19

I know that things like x = x++ + ++x invokes undefined behavior because a variable is modified multiple times within the same sequence point. That's thoroughly explained in this post Why are these constructs using pre and post-increment undefined behavior?

But consider a thing like printf("foo") + printf("bar"). The function printf returns an int, so the expression is valid in that sense. But the order of evaluation for the + operator is not specified in the standard, so it is not clear if this will print foobar or barfoo.

But my question here is if this also is undefined behavior.

klutt
  • 30,332
  • 17
  • 55
  • 95
  • `printf + printf` is fine.
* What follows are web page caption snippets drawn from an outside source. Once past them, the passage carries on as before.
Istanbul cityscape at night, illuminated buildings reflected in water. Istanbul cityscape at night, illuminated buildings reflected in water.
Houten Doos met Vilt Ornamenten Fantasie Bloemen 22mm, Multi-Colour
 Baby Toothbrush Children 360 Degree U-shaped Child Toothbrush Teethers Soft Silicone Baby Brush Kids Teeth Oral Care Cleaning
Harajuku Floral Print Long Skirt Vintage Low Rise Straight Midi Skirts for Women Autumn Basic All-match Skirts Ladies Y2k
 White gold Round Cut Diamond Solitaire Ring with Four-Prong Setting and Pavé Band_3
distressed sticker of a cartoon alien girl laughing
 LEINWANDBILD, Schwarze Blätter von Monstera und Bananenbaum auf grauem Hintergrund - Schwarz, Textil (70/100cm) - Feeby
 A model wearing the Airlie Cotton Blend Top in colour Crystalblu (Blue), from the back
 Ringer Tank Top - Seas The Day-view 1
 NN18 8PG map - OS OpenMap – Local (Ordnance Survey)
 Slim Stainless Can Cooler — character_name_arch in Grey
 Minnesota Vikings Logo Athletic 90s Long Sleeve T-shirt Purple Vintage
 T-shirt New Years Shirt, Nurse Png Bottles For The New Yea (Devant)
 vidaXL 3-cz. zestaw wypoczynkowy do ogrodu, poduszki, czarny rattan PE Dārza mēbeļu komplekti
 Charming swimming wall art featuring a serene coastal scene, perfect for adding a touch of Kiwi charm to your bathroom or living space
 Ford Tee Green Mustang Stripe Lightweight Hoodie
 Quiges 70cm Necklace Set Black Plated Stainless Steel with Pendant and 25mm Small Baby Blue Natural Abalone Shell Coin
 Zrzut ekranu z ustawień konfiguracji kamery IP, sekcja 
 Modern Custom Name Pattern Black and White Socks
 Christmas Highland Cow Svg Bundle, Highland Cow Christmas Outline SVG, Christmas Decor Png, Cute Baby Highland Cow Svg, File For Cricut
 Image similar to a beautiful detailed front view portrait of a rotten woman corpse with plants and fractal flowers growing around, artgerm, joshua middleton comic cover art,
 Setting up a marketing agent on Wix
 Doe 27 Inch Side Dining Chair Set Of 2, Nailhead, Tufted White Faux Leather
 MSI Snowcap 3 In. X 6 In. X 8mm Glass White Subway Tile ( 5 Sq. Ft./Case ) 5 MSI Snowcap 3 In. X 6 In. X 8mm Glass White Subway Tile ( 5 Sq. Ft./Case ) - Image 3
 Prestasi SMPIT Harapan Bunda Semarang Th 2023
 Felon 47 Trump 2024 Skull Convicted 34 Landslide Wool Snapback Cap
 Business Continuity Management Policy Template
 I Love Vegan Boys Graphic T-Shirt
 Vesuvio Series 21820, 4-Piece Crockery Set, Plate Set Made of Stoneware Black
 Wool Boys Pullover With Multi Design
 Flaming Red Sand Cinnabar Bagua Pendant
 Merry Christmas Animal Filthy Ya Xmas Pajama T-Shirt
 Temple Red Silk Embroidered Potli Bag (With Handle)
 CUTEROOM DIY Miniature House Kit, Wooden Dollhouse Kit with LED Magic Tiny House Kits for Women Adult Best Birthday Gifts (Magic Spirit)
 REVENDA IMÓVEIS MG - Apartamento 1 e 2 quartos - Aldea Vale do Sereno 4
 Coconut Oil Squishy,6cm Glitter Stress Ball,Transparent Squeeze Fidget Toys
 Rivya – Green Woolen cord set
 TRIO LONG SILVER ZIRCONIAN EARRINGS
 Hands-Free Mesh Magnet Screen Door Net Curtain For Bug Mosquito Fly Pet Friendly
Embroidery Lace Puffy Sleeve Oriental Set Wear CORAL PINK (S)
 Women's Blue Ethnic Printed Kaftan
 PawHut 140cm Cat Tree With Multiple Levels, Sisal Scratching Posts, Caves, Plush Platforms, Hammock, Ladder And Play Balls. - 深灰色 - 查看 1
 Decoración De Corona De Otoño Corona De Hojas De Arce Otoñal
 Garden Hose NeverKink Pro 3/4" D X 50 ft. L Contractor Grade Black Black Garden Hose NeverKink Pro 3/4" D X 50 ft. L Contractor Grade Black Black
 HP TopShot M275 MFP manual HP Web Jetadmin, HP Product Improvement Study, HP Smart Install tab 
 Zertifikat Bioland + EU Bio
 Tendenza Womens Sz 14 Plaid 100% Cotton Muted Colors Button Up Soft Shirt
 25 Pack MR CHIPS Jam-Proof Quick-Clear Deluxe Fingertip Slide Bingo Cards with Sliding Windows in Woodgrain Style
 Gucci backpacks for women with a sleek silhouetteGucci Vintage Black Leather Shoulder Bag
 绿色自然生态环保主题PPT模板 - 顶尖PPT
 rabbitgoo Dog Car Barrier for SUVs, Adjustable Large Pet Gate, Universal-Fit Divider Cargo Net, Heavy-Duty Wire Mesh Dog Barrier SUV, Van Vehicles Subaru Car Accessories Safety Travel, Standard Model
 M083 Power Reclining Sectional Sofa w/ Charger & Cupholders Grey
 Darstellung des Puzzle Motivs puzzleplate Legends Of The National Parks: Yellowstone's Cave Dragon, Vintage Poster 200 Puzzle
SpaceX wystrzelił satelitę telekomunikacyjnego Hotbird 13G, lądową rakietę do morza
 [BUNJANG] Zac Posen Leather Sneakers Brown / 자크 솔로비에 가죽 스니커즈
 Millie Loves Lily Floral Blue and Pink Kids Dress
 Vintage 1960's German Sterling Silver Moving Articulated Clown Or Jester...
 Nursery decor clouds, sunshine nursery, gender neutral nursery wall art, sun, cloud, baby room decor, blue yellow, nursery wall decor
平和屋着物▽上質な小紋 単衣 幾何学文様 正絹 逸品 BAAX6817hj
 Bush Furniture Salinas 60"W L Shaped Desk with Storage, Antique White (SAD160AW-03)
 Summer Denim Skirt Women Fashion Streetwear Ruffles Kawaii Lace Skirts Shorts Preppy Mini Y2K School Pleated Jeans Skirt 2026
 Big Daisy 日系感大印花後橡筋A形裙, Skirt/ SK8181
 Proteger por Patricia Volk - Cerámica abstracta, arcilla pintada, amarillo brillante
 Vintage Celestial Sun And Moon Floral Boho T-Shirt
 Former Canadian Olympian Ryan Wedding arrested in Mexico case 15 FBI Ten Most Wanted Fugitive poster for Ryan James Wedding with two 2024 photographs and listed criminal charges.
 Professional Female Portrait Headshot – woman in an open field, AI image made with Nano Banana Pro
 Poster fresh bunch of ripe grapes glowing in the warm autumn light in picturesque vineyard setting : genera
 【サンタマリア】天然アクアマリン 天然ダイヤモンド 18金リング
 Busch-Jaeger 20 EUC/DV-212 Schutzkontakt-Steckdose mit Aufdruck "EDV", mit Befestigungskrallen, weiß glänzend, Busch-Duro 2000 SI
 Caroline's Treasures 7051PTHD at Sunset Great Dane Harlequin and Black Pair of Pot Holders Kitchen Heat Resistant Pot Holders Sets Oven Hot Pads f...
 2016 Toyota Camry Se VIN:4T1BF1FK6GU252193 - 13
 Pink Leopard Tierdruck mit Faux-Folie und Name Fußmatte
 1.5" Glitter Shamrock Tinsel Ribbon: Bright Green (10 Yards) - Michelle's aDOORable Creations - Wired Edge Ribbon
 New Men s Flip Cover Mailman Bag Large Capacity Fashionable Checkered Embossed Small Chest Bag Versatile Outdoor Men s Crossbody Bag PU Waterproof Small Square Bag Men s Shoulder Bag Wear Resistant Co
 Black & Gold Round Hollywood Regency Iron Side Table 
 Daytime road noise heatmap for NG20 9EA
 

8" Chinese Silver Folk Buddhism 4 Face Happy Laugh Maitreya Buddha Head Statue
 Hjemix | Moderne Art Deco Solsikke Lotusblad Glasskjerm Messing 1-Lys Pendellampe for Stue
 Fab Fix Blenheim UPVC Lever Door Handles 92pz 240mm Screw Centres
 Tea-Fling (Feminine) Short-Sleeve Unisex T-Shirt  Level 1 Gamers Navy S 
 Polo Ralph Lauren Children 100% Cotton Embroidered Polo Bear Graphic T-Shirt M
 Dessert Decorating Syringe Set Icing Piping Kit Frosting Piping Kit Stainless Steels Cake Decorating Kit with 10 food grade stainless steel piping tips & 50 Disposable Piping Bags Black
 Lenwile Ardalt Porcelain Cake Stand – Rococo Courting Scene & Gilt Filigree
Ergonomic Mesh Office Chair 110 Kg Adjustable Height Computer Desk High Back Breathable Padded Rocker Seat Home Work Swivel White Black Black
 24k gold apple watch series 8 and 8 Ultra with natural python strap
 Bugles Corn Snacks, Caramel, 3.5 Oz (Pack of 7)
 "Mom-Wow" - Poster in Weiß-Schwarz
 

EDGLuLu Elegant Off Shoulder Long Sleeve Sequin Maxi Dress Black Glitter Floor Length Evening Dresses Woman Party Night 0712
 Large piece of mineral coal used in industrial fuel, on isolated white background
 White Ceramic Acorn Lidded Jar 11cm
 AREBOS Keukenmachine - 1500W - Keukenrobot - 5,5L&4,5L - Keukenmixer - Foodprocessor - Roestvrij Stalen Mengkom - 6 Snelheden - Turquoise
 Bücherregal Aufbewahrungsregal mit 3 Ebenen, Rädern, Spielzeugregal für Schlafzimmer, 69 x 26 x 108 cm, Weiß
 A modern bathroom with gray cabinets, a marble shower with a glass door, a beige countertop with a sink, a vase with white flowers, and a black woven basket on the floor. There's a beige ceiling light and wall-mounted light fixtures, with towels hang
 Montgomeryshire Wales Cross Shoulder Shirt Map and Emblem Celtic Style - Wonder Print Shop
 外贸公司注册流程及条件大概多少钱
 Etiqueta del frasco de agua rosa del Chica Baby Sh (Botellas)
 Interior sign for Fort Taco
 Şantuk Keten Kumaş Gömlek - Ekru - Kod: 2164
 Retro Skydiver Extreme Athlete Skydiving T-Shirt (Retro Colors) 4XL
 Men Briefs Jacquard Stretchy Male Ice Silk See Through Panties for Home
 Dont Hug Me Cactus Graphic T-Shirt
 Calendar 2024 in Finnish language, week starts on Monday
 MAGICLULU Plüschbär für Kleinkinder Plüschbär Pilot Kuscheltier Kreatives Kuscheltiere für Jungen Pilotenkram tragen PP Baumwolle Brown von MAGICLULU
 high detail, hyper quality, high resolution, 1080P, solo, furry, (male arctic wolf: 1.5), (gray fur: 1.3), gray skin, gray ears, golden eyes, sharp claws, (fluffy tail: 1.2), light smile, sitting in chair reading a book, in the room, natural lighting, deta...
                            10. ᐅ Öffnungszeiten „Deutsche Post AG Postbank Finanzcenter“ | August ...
The `+` provides a sequence point so all functions are resolved before the number is added. – David C. Rankin Aug 30 '20 at 10:07
  • 2
    @DavidC.Rankin so which one is resolved first? – mangusta Aug 30 '20 at 10:15
  • 10
    @DavidC.Rankin: `+` does not provide a sequence point. – Eric Postpischil Aug 30 '20 at 10:54
  • @mangusta - it matters not which is evaluated first, only that they are both evaluated before the `+` is applied to the opperands. [C11 Standard - 6.5.6 Additive operators(p5)](http://port70.net/~nsz/c/c11/n1570.html#6.5.6p5) – David C. Rankin Aug 30 '20 at 11:44
  • 2
    @EricPostpischil [C11 Standard - 6.5 Expressions(p1)](http://port70.net/~nsz/c/c11/n1570.html#6.5) "*The value computations of the operands of an operator are sequenced before the value computation of the result of the operator.*" says just what I wrote, that computations of the operands (`printf()`) are sequenced before the addition is applied. – David C. Rankin Aug 30 '20 at 11:56
  • 6
    @DavidC.Rankin: (a) That is not a sequence point. Specifying ordering for value computations does not affect side effects, which a sequence point does. (b) Even if that did specify a sequence point, it is after the evaluations of the operands, so it would have no effect on the sequence of the operands relative to each other and would be irrelevant to the question asked here about two `printf` calls in this expression. – Eric Postpischil Aug 30 '20 at 17:57
  • I get that, the question was the addition UB, and the answer is no because both `printf()` will be sequenced before the addition. Now to the other issue, which `printf()` prints first, that wasn't what I was addressing. You are 100% correct that there is no sequencing of which `printf()` is sequenced first. – David C. Rankin Aug 31 '20 at 00:56
  • @DavidC.Rankin : Answers go in Answers, not Comments. If you are placing (even partial) Answers in Comments to the Question, you are doing it wrong. Comments are to improve the Question, which your comment chain fails to do. – Eric Towers Aug 31 '20 at 01:57
  • 1
    @DavidC.Rankin: The fact that the value computations of both `printf` are sequenced before the addition is not a reason that the behavior is not undefined. In `x++ + x++`, the value computations of both operands are sequenced before the addition, but the behavior is undefined. – Eric Postpischil Aug 31 '20 at 11:16
  • @EricPostpischil - that example does not apply to `print()` as the side effect (the text output of `printf`) does not effect the value that may be returned by the other `printf`. The behavior with `x++ + x++` is undefined because the indeterminate sequencing can effect the result of the operator. This whole diatribe started based on my use of "sequence point" rather than just using "sequenced" -- what is happening is understood. We are saying the same thing. – David C. Rankin Aug 31 '20 at 19:16
  • @DavidC.Rankin: The behavior with `x++` is undefined because 6.5 2 says behavior is undefined if two side effects on an object are unsequenced. Sequencing the value computations does not cure this. The situation with two `printf` calls is the same because the `FILE` object necessarily contains scalar objects governed by 6.5 2, and `printf` causes side effects on them. No, we are not saying the same thing. The rule about sequencing of value computations does not prevent undefined behavior. – Eric Postpischil Aug 31 '20 at 19:24
  • @EricPostpischil So, just to be clear, you are saying `printf + printf` is undefined behavior and the result of the addition is therefore undefined, correct? – David C. Rankin Aug 31 '20 at 19:49
  • @DavidC.Rankin: No. I am saying the rule about sequencing of value computations is irrelevant; it is **not** a reason that the behavior is not undefined. That is not an assertion regarding whether `printf("foo") + printf("bar")` is undefined or not. – Eric Postpischil Aug 31 '20 at 20:43

4 Answers4

16

printf("foo") + printf("bar") does not have undefined behavior (except for the caveat noted below) because the function calls are indeterminately sequenced and are not unsequenced.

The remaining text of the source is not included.